Sarjana, bukan lagi jajaran pendidikan seperti SD, SMP, bahkan SMA. Sarjana adalah tingkat pendidikan tinggi yang rata-rata pelakunya dikategorikan dewasa. Tingkat dewasa, berarti sudah dapat berpikir apa dan bagaimana kehidupan kelak, sehingga ketika para pendidik tinggi sudah bisa dan mampu memilah dan memilih mana-mana yang sekiranya dapat membantu mereka untuk masa depan. Pasalnya, dalam sebuah pesan simbolik dari Nelson Mandela, pendidikan adalah senjata paling ampuh yang dapat digunakan untuk mengubah dunia. Membaca pesan singkat itu, menyadarkan kita bilamana pendidikan merupakan salah satu bentuk yang akan mengubah peradaban dunia—menghapus noktah-noktah hitam pendidikan menjadi cahya kilau yang bersinar sepanjang zaman. Kendatipun demikian, lulusan sarjana diharapkan memiliki etos kerja dan motivasi tinggi, kreatif dan inovatif, mampu dengan cepat menyesuaikan keterampilan dan keahlian dengan kebutuhan di dunia kerja.

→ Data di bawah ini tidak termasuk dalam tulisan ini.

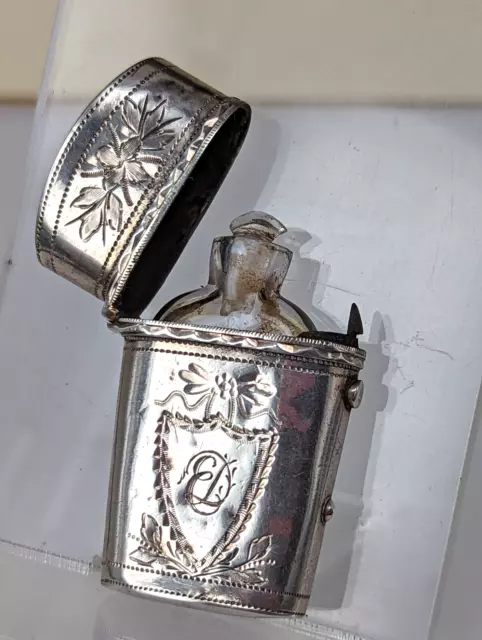 1790 Georgian Silver perfume bottle in a solid silver case by Samuel Pemberton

Sungguh bila pemerintah juga sarjana menyadari itu, tidak lama lagi sistem pendidikan kita jauh lebih baik dan berkualitas di Indonesia. Bahkan tidak saja situ, bisa jadi negara lain akan belajar pula mengatur dan membidik lulusan pendidikan lebih baik. Sebab, kembali pada ungkapan Marciel sarjana yang intelektual, disiplin, tertib dan teratur, tekun, dan berani secara riset dunia pendidikan siap menyongsong dunia kerja terdidik. Dengan begitu, sudah dipastikan jumlah sarjana pengangguran akan menurun drastis, justru generasi-generasi gemilang siap mencerdaskan kehidupan bangsanya. Semoga!
Suci Ayu Latifah
Mahasiswi STKIP PGRI Ponorogo, Panitia SLG STKIP PGRI Ponorogo.
Sumber: Radar Ponorogo, Minggu, 10 Oktober 2017.